Aww, they're so CUTE!! Congrats! I second with the Valentino name too!
neenegoat


----------



## ksalvagno (Feb 14, 2011)

Very cute!  Congratulations.


----------



## helmstead (Feb 14, 2011)

love the flashy black and white babies!


----------



## peachick (Feb 14, 2011)

Thanks everybody
Why didnt I think of Valentino...  what a handsome name,  and so appropriate!
Thank you

Im learning so much about these little guys.
Day-0  they learn to walk
Day-1 they learn to run
Day -2 they learn to jump
Day - Tomorrow....  I cant wait!


----------



## dkosh (Feb 14, 2011)

Soooo Cute. I love baby goats!


----------



## peachick (Feb 15, 2011)

I took the camera out to get peacock photos...  and of course I had to snap this photo when  I saw them....




cuddles by S!GNATURE, on Flickr

I also had to take a couple of Buckley...  will start a new thread for those.


----------



## Emmetts Dairy (Feb 15, 2011)

AWWWWWW!!!  Totally sweet...almost a smile huh???  Congrats!!


----------



## RabbitLover11 (Feb 15, 2011)

What about 'Valentina' for the girl?  We had one born on Valentines Day one year.


----------



## greenfamilyfarms (Feb 15, 2011)

Gosh, that black and white coloration photographs really well.


----------



## julieq (Feb 15, 2011)

Yep, it should definitely be Valentino for the cute little buckling!  Adorable babies and love their little play house too!  Congrats!


----------



## ThreeBoysChicks (Feb 18, 2011)

Kat,

They are adorable.  I am wanting to breed my unregistered Nubian this fall.  Maybe, she and I will have to come pay buckly a visit and see what a Mini Fainting / Nubian cross looks like  

Congrats...  Sounds like she is being a great mom.


----------



## peachick (Feb 18, 2011)

sure Ed  
I am sure Buckley,  will be more than willing.


----------



## AlaskanShepherdess (Feb 18, 2011)

They are TOO cute!  

I second Valentino and Valentina. 

Funny, when I went to first look at my soon to be goats, I didn't like my black and white doe at all, but now I love the black and white, and I hope she gives me at least one black and white doe!


----------



## peachick (Mar 3, 2011)

i did a little video of the babies today at 18 days old.  I let them roam the property today and they found hubbys wood pile.

I added music to it ... not sure it works,  but  I was excited to hear jackson browne singing this song.
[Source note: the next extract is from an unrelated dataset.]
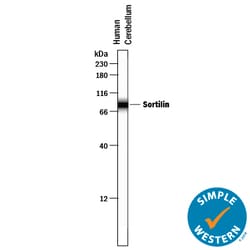 Human Sortilin Antibody, R D Systems 25&mu;g; Unlabeled:Antibodies, Polyclonal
http://www.youtube.com/watch?v=M1RNcWrso5U


----------



## AlaskanShepherdess (Mar 3, 2011)

I just love their markings! One looks like my little doeling that I lost last Aug.


----------



## chandasue (Mar 3, 2011)

Totally adorable!


----------



## BellLisaMo (Mar 3, 2011)

They are sooooooo gorgeous!!! My favorite color in goats is black and white! You are so lucky! I can only hope my two give me a black and white one! I doubt. 

CONGRATS!!!!


----------



## peachick (Mar 5, 2011)

thanks guys.  I wish I could make a screen saver out of that...  Id watch them all day!


----------